私なら、経験や実績などを時間をかけて調べたり、本人と面談したりするでしょう。
選べない軍組織なら理解できますが、ヤンは自分で選んでましたからね。当然、他の提督もそうしているでしょう。
やはり、パエッタ提督はヤンを高く評価していたことが伺えます。
ではなぜ、アスターテ会戦でヤンの意見を退けたのでしょうか。
エル・ファシルの英雄として評価していたのであれば、彼の意見に賛同してもいいはずです。
しかし、パエッタ提督はヤンの進言を跳ねつけました。
これは、結果として彼のミスになってしまいましたが、責任の一端はヤンにもあるように思えます。

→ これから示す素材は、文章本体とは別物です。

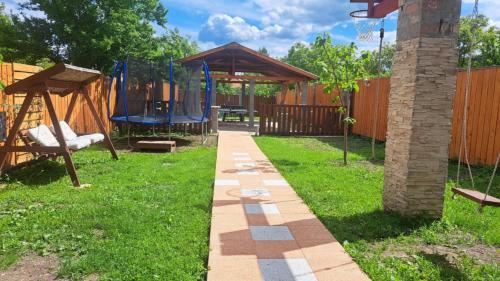 Csongor Bogács in Bogacs, Hungary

結論を言ってしまうと、パエッタ提督はヤンの才覚は評価していましたが、彼の人格は評価していなかったと思います。
それは、パエッタ提督自らが経験したからです。
時系列は忘れましたが、同盟軍で何かの集会が行われ、その席で、ヤンが偉大なる我らが国防委員長閣下相手に、言わなくてもいいことをペラペラと話しました。
「敵の三倍の戦力がなんとかかんとか」
敬愛すべき国防委員長閣下が、なんだこいつ、みたいな顔をした時に助け舟を出してくれたのが、隣に立っていたパエッタ提督です。
自分の部下が、更なる上司に対して言わなくてもいいことを、賢しら気に食っちゃべっているのですよ。私だって止めに入りますよ。下手したらこっちにまで流れ弾が飛んでくるかもしれませんからね。
ちゃんと部下を庇ってくれる上司。何ていい人なんでしょうか。
国防委員長閣下もパエッタ提督の意図に気が付いて、素早く話を変えましたよね。
二人とも大人だなぁ。
パエッタ提督に言わせれば。
「適当に相槌打って誤魔化せばいいのに、国防委員長相手に余計な事を言って不快にさせてどうするんだ。そんなもん、心の中だけで言え。ガキか」
きっとこんな気持ちだったに違いありません。
このせいで、ヤンの人格に対しての評価は下がったでしょう。
しかも、これだけではありません。
ヤンは、これ以上の事をやらかしてくれます。正に決定的な失態。
これは、レグニッツァ上空戦が終わった後に、パエッタ提督がヤンを食事に誘うシーンで起こりました。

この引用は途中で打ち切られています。